• _DATASET CONTENT_
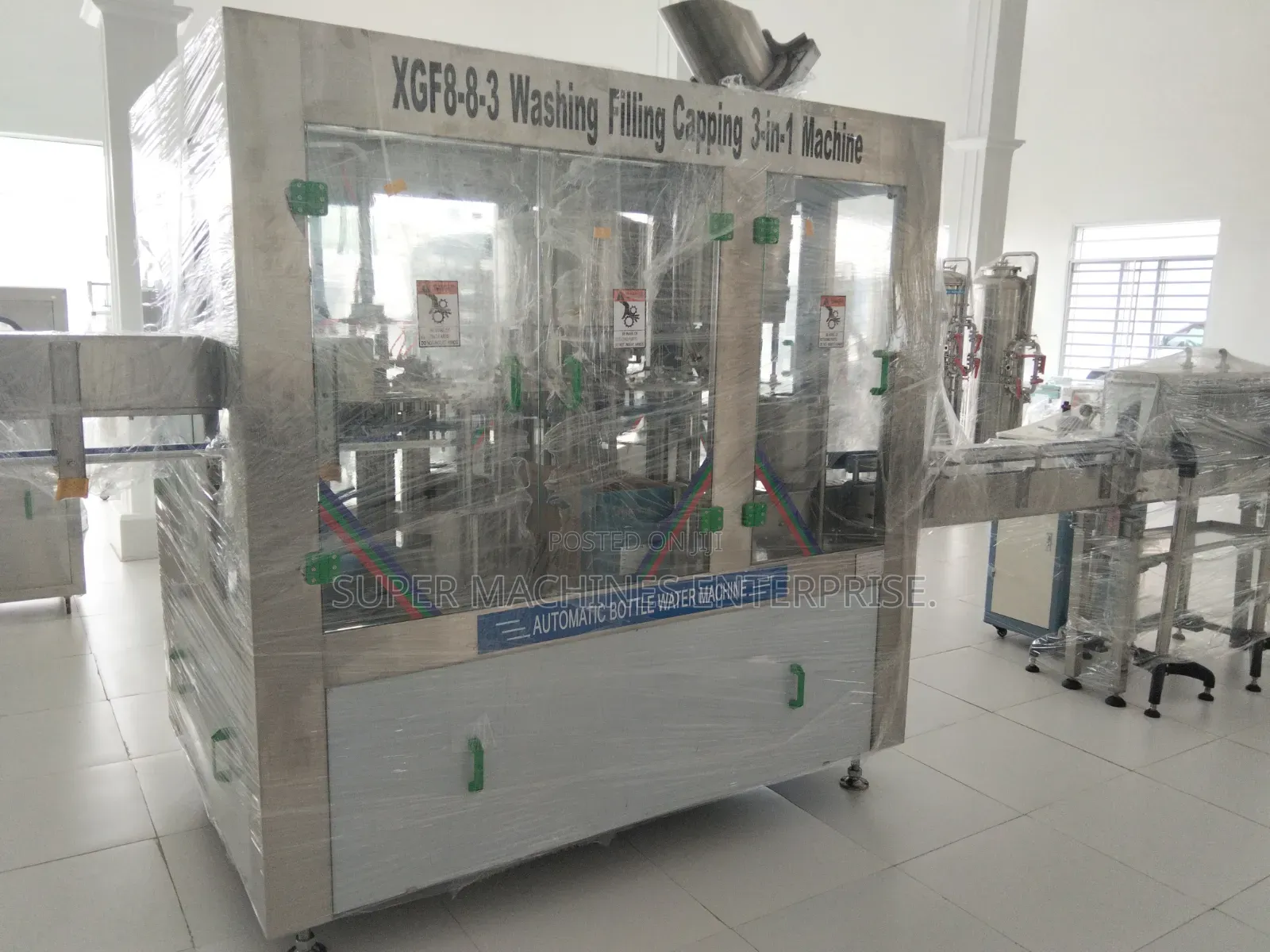 Automatic Bottle Water Machine Mono Block 8-8-3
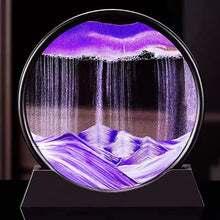 Load image into Gallery viewer, 3D Moving Sand Art Picture - Round Glass Deep Sea Sandscape Hourglass for Home &amp; Office Decor
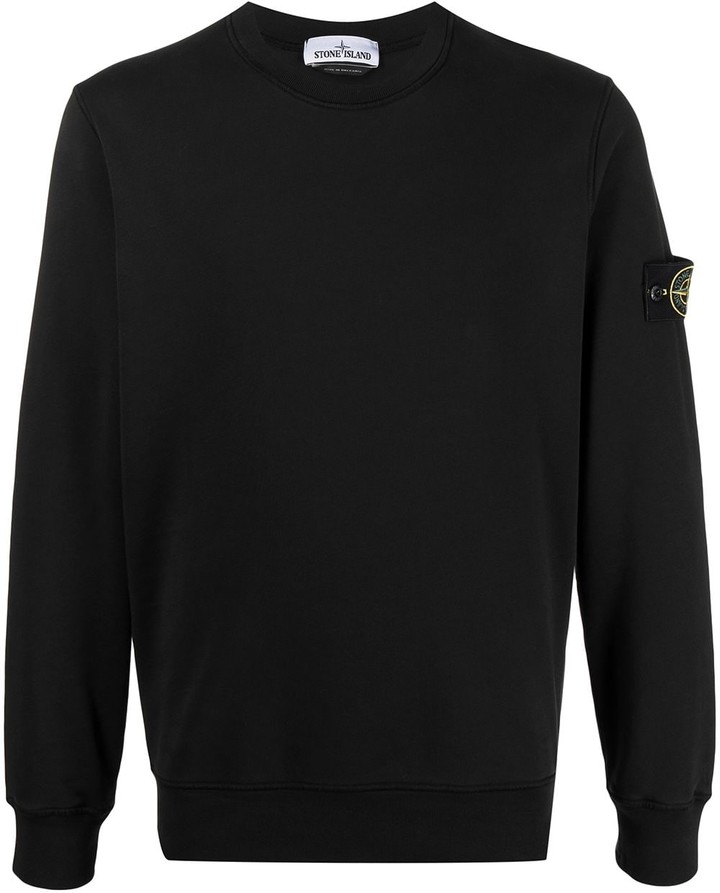 stone island black hoodie sale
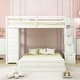 preview thumbnail 2 of 14, Twin Over Full Bunk Bed With 3-layer Shelves,Drawers And Storage Stairs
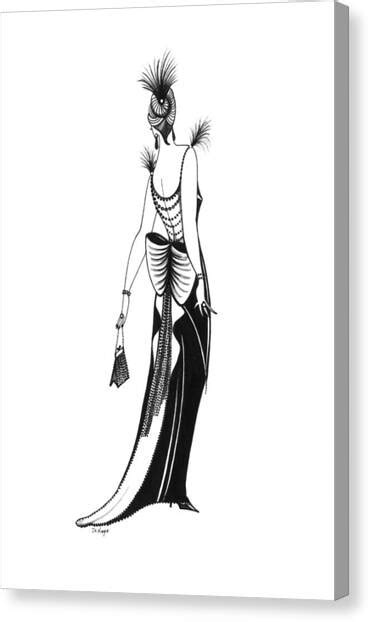 Art Deco Lady Claire Louise 2 Painting By Di Kaye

• _TASK OBJECTIVE_
Transcribe the records above exactly, leaving out every picture.

• _OUTPUT BELOW_
 Automatic Bottle Water Machine Mono Block 8-8-3
 Load image into Gallery viewer, 3D Moving Sand Art Picture - Round Glass Deep Sea Sandscape Hourglass for Home &amp; Office Decor
 stone island black hoodie sale
 preview thumbnail 2 of 14, Twin Over Full Bunk Bed With 3-layer Shelves,Drawers And Storage Stairs
 Art Deco Lady Claire Louise 2 Painting By Di Kaye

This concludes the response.